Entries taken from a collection
Content starts
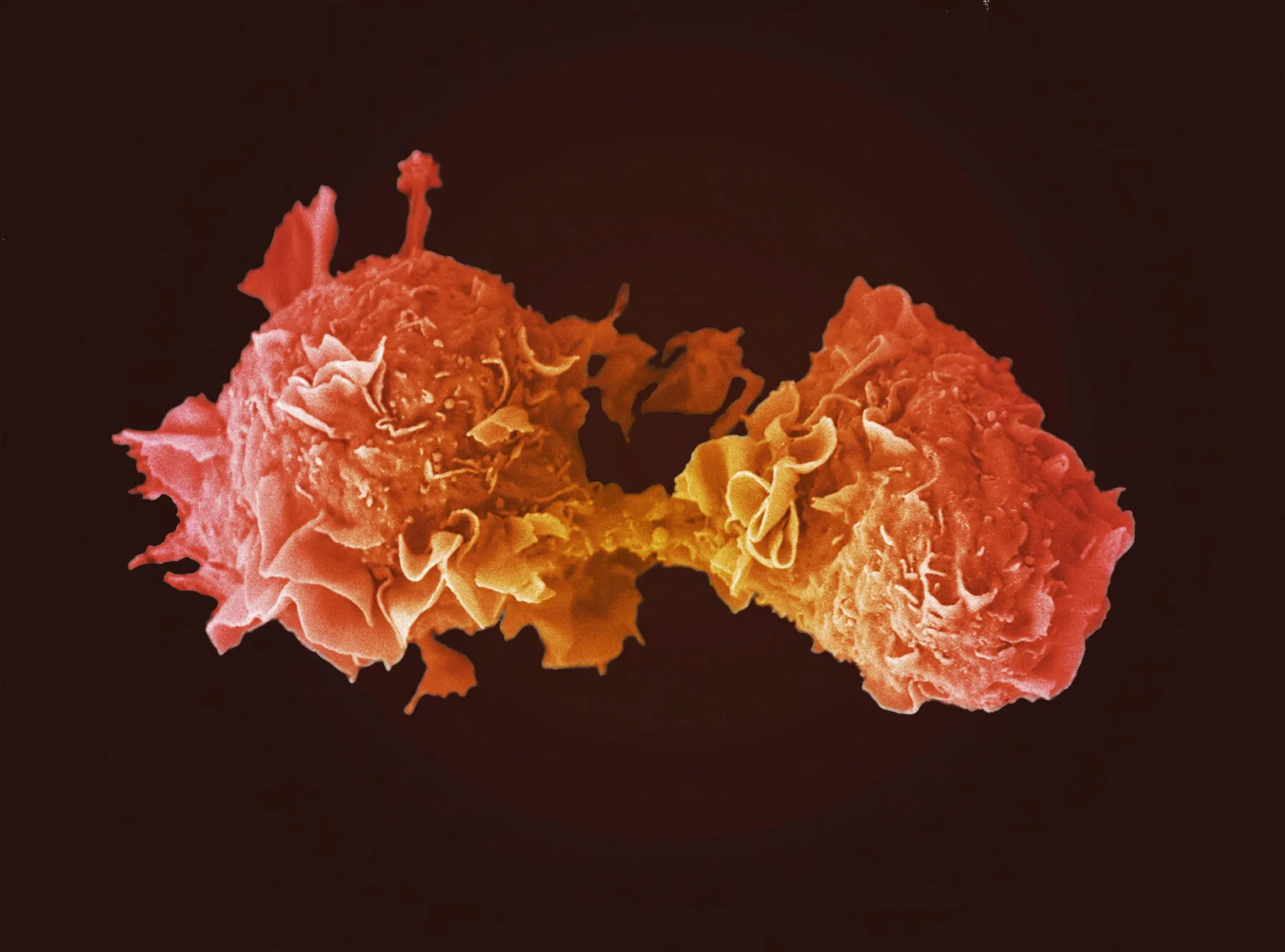 Microscopic image of an orange stained lung cancer cell dividing into two against a black background.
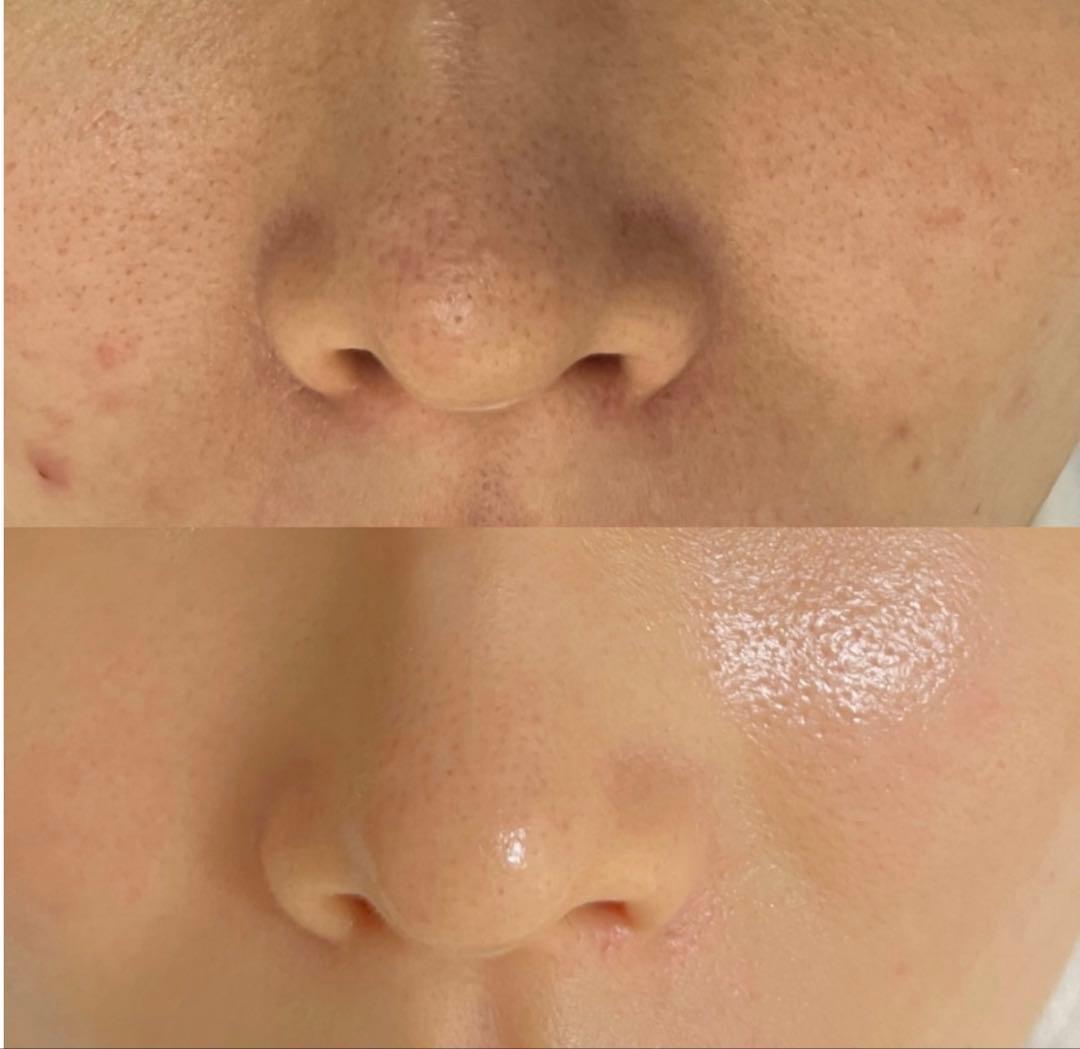 saya　セラピール2回分+マスク2枚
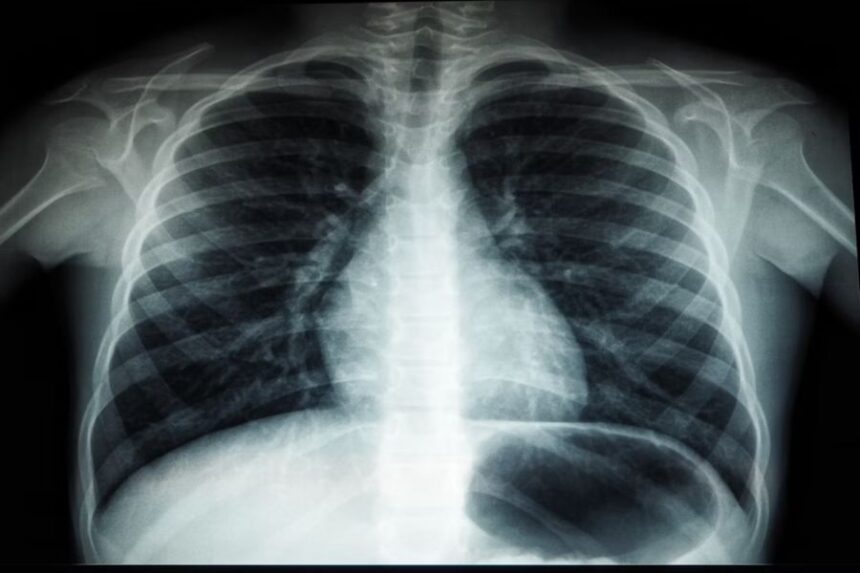 Understanding Scoliosis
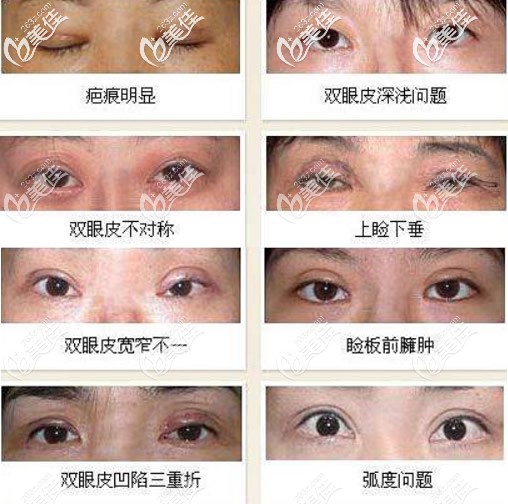 双眼皮失败的八种图片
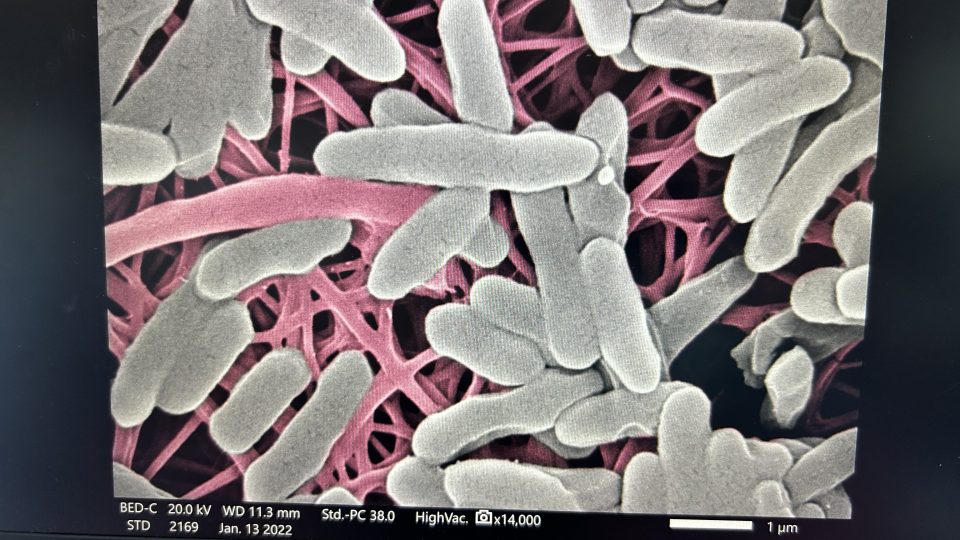 Čeští vědci přišli s nanoobvazem, který ničí bakterie přímo v ráně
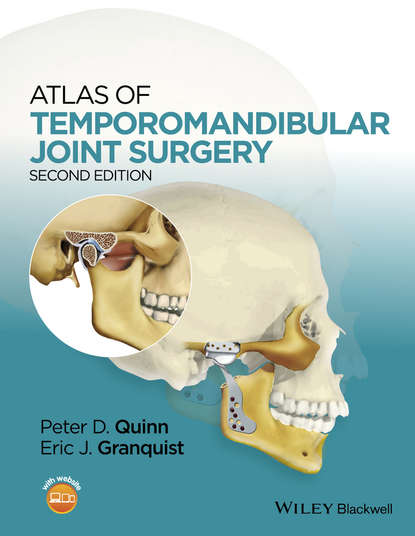 Atlas of Temporomandibular Joint Surgery — Группа авторов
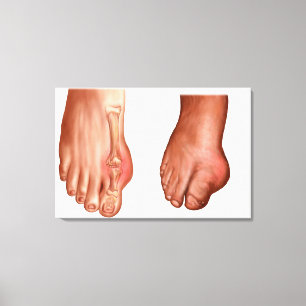 Anatomy Of A Swollen Foot Canvas Print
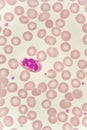 Neutrophil cell in blood smear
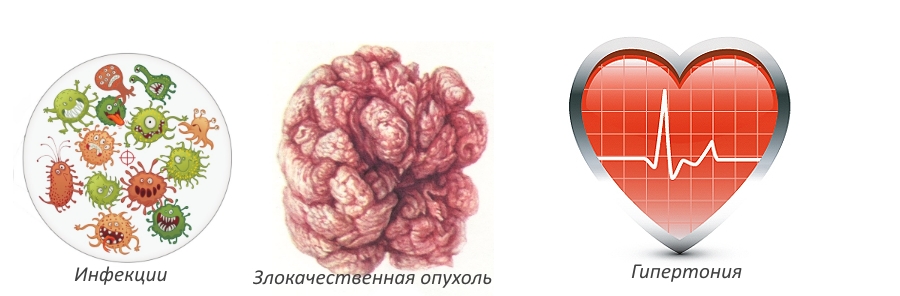 Противопоказания для массажа при грыже поясницы Противопоказания для массажа при грыже поясницы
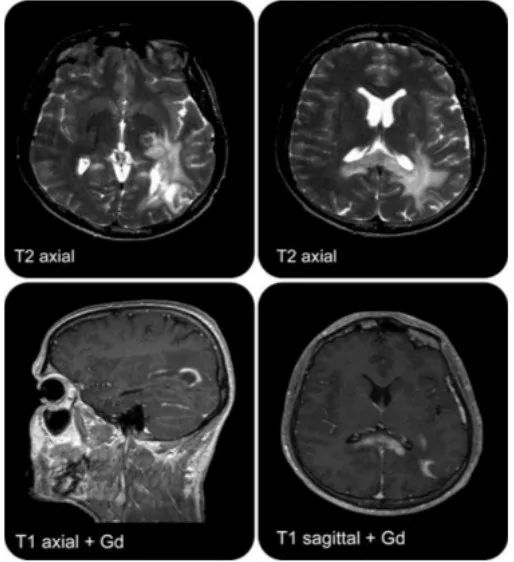急性脂肪栓塞、神经白塞病、NMOSD极后区综合征丨3分钟读片·第11期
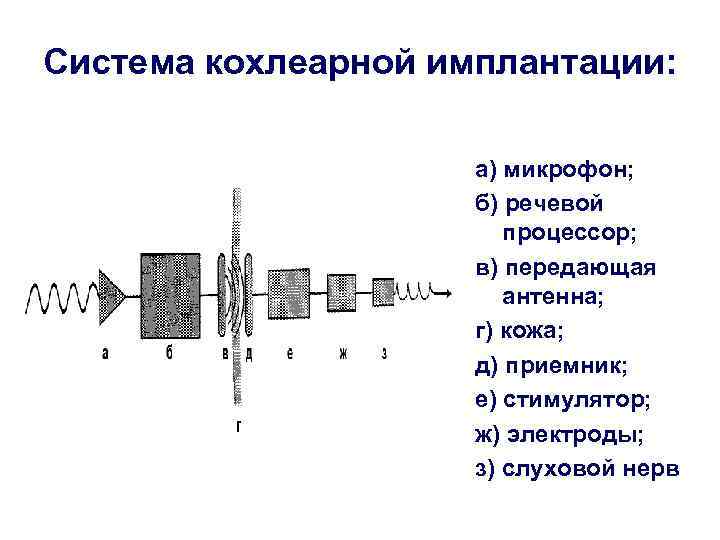 Система кохлеарной имплантации:    а) микрофон;    б) речевой 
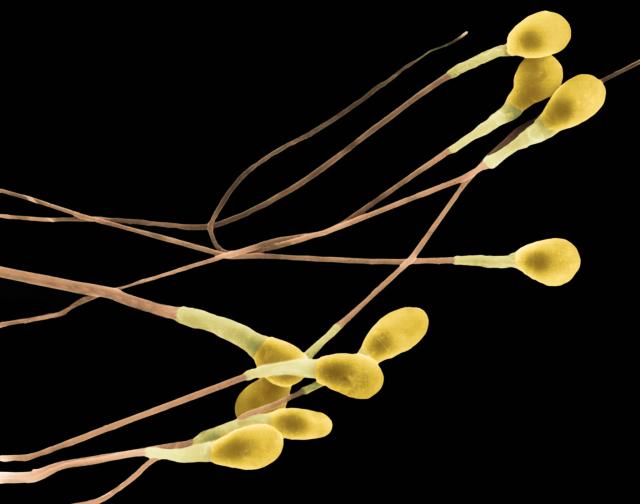 肥満は精子にエピジェネティックな変化を引き起こすことが判明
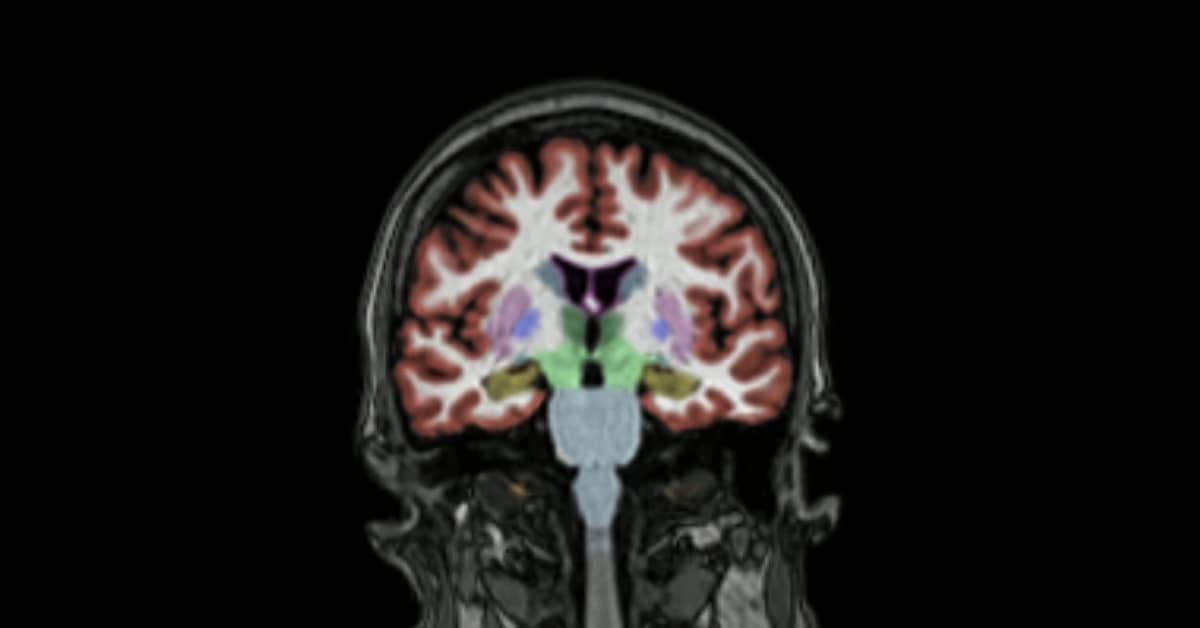 Suomen yleisimmän muistisairauden hoidossa alkaa lokakuussa uusi aika – professori: ”Ihan uuden kategorian lääkkeitä” | Uutiset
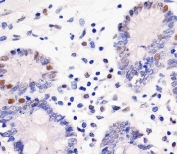 IHC testing of FFPE human colon tissue with GAPDH antibody. HIER: steam section in pH6 citrate buffer for 20 min and allow to cool prior to staining.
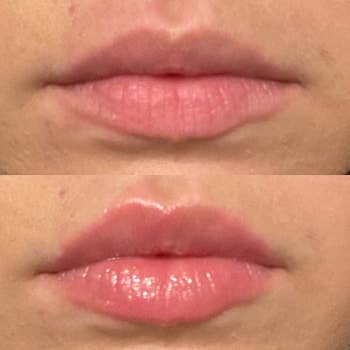 reviewer's before and after showing plumper lips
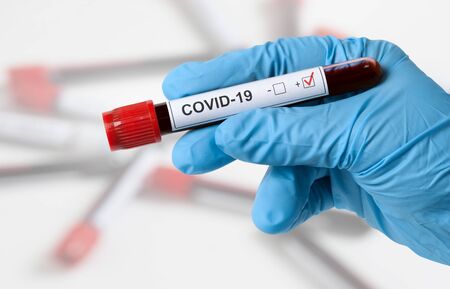 Test for coronavirus positive result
Content ends
> TASK
Output only these lines, word for word: the line containing "Understanding Scoliosis" and every line after it through the last line of the data. Omit the pictures.

> RESPONSE TO THE EXERCISE
 Understanding Scoliosis
 双眼皮失败的八种图片
 Čeští vědci přišli s nanoobvazem, který ničí bakterie přímo v ráně
 Atlas of Temporomandibular Joint Surgery — Группа авторов
 Anatomy Of A Swollen Foot Canvas Print
 Neutrophil cell in blood smear
 Противопоказания для массажа при грыже поясницы Противопоказания для массажа при грыже поясницы
急性脂肪栓塞、神经白塞病、NMOSD极后区综合征丨3分钟读片·第11期
 Система кохлеарной имплантации:    а) микрофон;    б) речевой 
 肥満は精子にエピジェネティックな変化を引き起こすことが判明
 Suomen yleisimmän muistisairauden hoidossa alkaa lokakuussa uusi aika – professori: ”Ihan uuden kategorian lääkkeitä” | Uutiset
 IHC testing of FFPE human colon tissue with GAPDH antibody. HIER: steam section in pH6 citrate buffer for 20 min and allow to cool prior to staining.
 reviewer's before and after showing plumper lips
 Test for coronavirus positive result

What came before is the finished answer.